Exercise instructions
I'd ask you to write out the lines below exactly, with no images.

Data shown
········
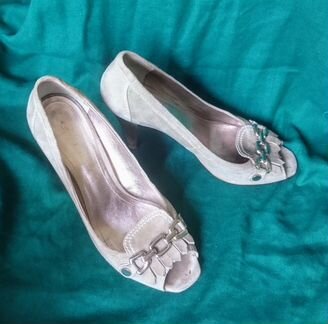 Туфли-босоножки замшевые серо-бежевые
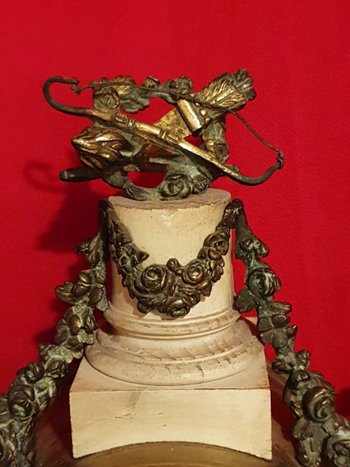 Louis XVI Clock, Patinated Wood And Bronze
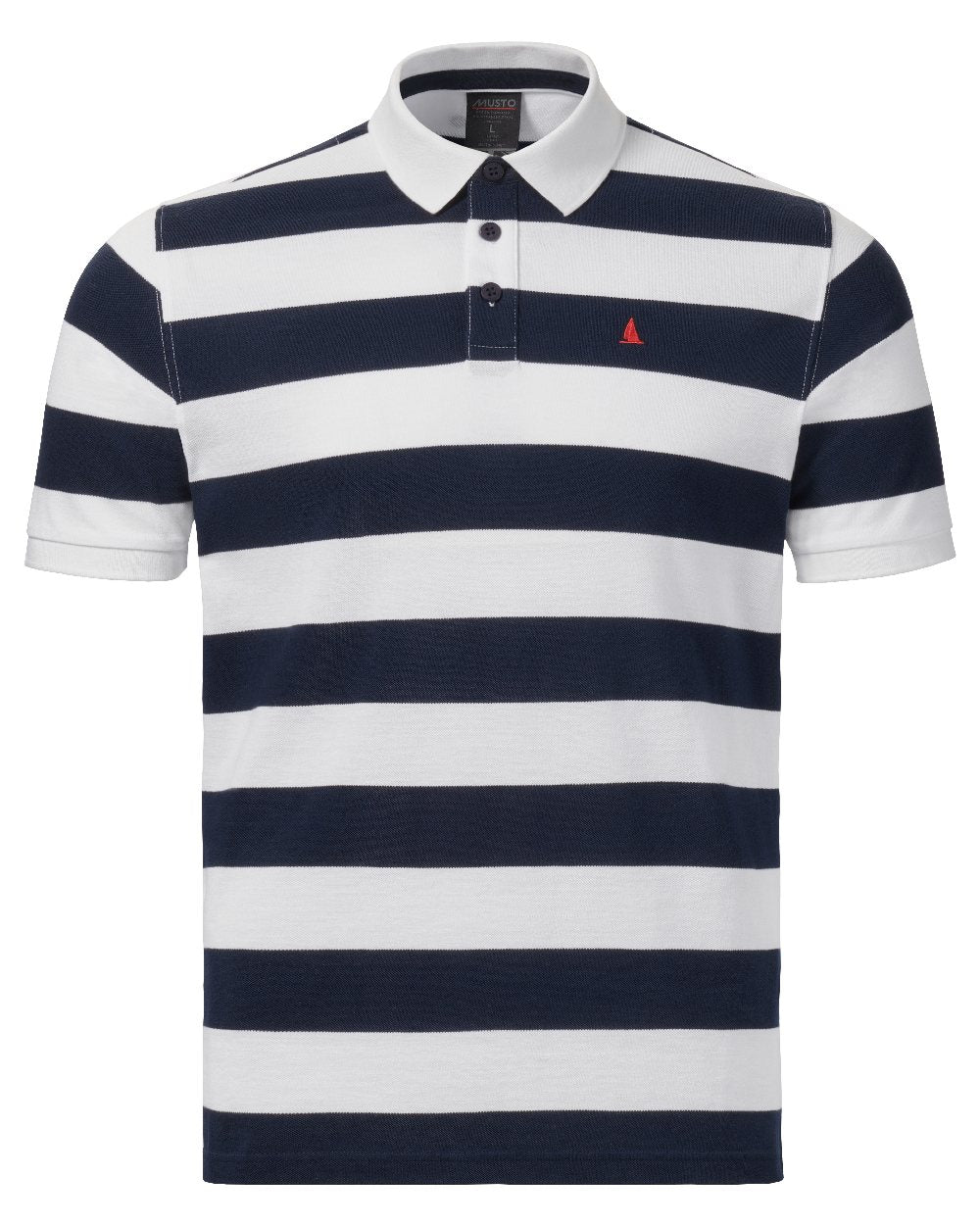 Navy Striped Coloured Musto Mens Original Striped Short Sleeve Polo on White Background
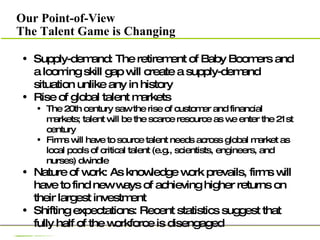 Our Point-of-View The Talent Game is Changing Supply-demand: The retirement of Baby Boomers and a looming skill gap will create a supply-demand situation unlike any in history Rise of global talent markets  The 20th century saw the rise of customer and financial markets; talent will be the scarce resource as we enter the 21st century Firms will have to source talent needs across global market as local pools of critical talent (e.g., scientists, engineers, and nurses) dwindle Nature of work: As knowledge work prevails, firms will have to find new ways of achieving higher returns on their largest investment Shifting expectations: Recent statistics suggest that fully half of the workforce is disengaged 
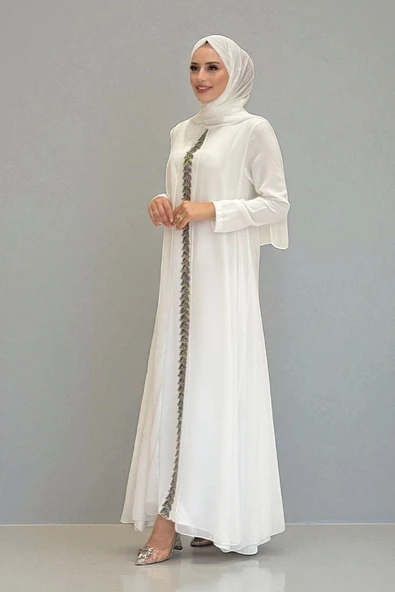 Pelerinli Ön Kısım İşleme Detay Şallı Elbise 3868 Ekru - 2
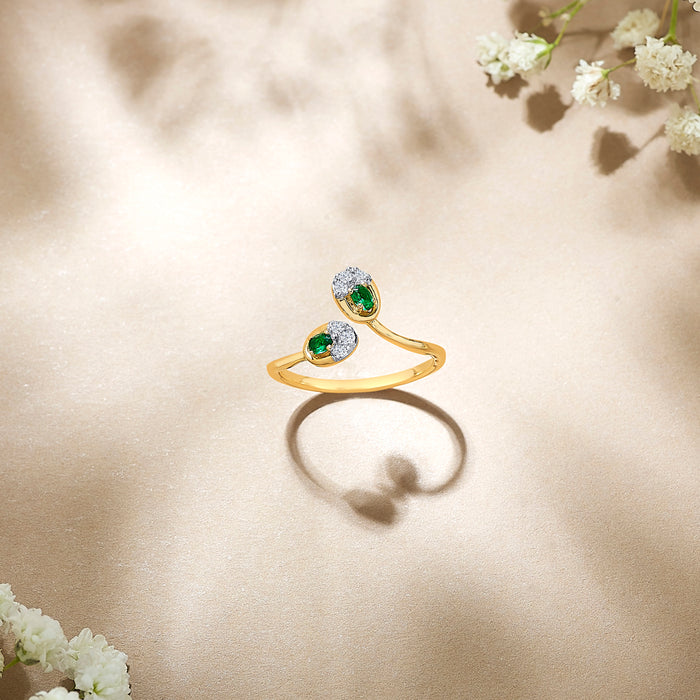 Dewdrop Duo Yellow Gold & Diamond Ring for Women
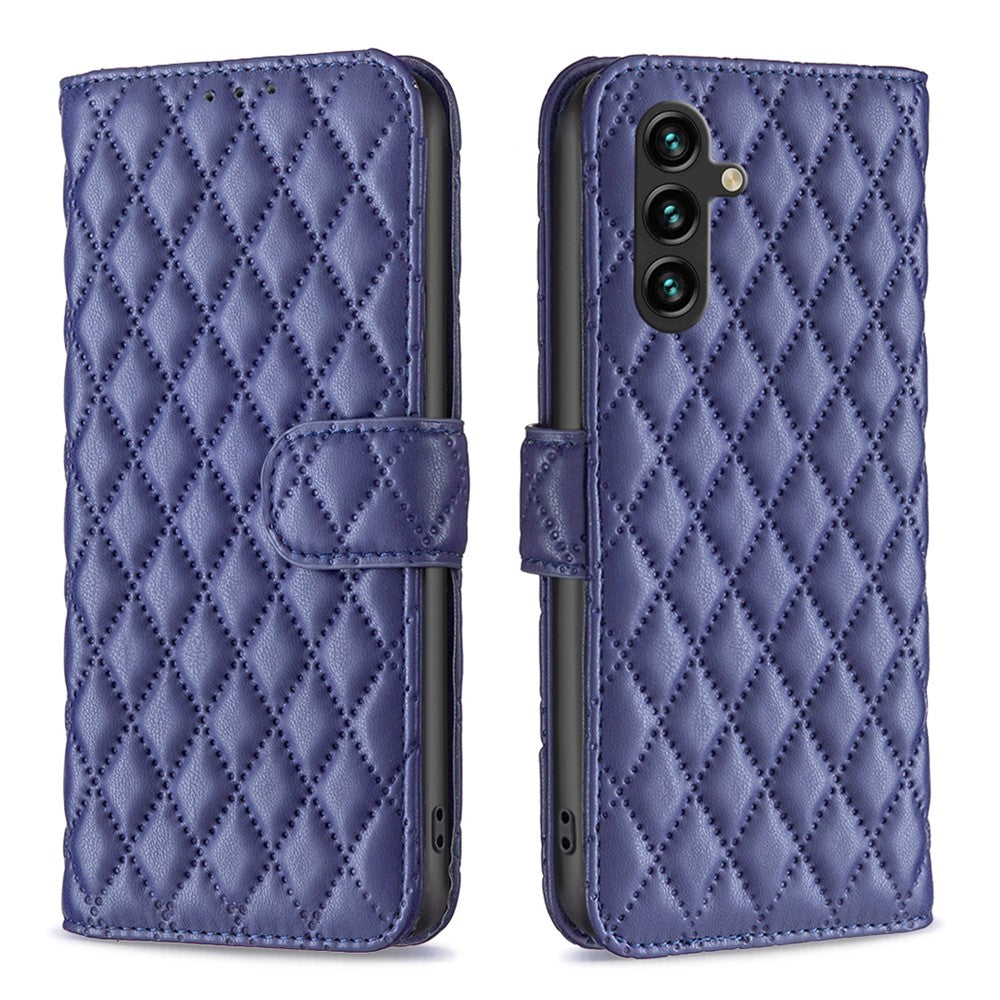 BINFEN COLOR BF Style-14 För Samsung Galaxy A35 5G mobilskal Rhombus Grid Läderfodral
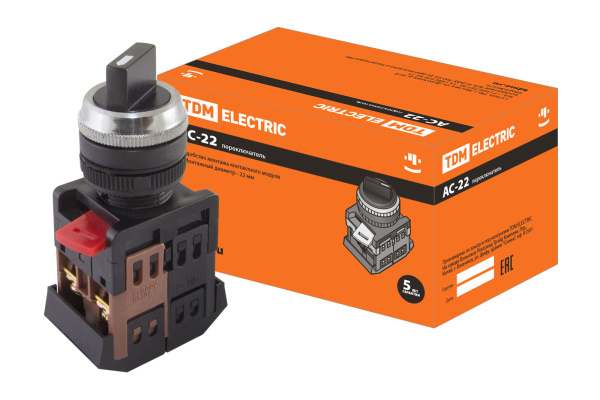 TDM Переключатель АС-22 на 2 фиксир.положения I-O 1з+1р SQ0703-0007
········
Problem solution
 Туфли-босоножки замшевые серо-бежевые
 Louis XVI Clock, Patinated Wood And Bronze
 Navy Striped Coloured Musto Mens Original Striped Short Sleeve Polo on White Background
 Our Point-of-View The Talent Game is Changing Supply-demand: The retirement of Baby Boomers and a looming skill gap will create a supply-demand situation unlike any in history Rise of global talent markets  The 20th century saw the rise of customer and financial markets; talent will be the scarce resource as we enter the 21st century Firms will have to source talent needs across global market as local pools of critical talent (e.g., scientists, engineers, and nurses) dwindle Nature of work: As knowledge work prevails, firms will have to find new ways of achieving higher returns on their largest investment Shifting expectations: Recent statistics suggest that fully half of the workforce is disengaged 
 Pelerinli Ön Kısım İşleme Detay Şallı Elbise 3868 Ekru - 2
 Dewdrop Duo Yellow Gold & Diamond Ring for Women
 BINFEN COLOR BF Style-14 För Samsung Galaxy A35 5G mobilskal Rhombus Grid Läderfodral
 TDM Переключатель АС-22 на 2 фиксир.положения I-O 1з+1р SQ0703-0007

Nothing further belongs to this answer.